Persönliche Freundschaft mit Franziskus
Weiter verglich der ehemalige Papst seine jetzige Situation mit der eines Alt-Bauern in Bayern, der den Hof an den Sohn abgegeben hat, im "Austrags-Haus" wohnt und seine väterlichen Rechte abgegeben hat. Vehement wandte sich Benedikt XVI. gegen Vorwürfe, dass er sich nach seinem Rücktritt in öffentliche Debatten eingemischt habe. Dies sei "eine bösartige Verzerrung der Wirklichkeit". Er deutete an, es gebe "Gründe dafür, dass man einfach meine Stimme ausschalten will".

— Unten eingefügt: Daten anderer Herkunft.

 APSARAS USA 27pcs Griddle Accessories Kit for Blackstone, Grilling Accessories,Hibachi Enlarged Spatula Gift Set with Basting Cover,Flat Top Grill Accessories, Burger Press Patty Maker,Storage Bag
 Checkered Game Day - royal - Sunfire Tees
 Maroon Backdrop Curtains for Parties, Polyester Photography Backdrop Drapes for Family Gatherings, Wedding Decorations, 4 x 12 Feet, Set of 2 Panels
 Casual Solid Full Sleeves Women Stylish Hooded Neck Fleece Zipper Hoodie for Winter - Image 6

Über das Verhältnis zu seinem Nachfolger sagte er, er danke Gott, dass ihm die "herzliche Zuwendung von Papst Franziskus" die Umsetzung der Idee eines emeritierten Papstes ermögliche. Seit ihrer ersten Begegnung nach dessen Wahl im Jahr 2013 gebe es eine persönliche Freundschaft, die seither "nicht nur geblieben, sondern gewachsen" sei.
Kritik an "scheinbar humanistischen Ideologien"
Kritik übte der emeritierte Papst in dem Interview im Schlusskapitel der Biografie auch an einer "weltweiten Diktatur von scheinbar humanistischen Ideologien", die auch Kirche und Papsttum bedrohten. Wer ihnen widerspreche, werde aus dem gesellschaftlichen Konsens ausgeschlossen. Als Beispiel nannte Benedikt XVI. die homosexuelle Ehe, die Abtreibung und die "Herstellung von Menschen im Labor".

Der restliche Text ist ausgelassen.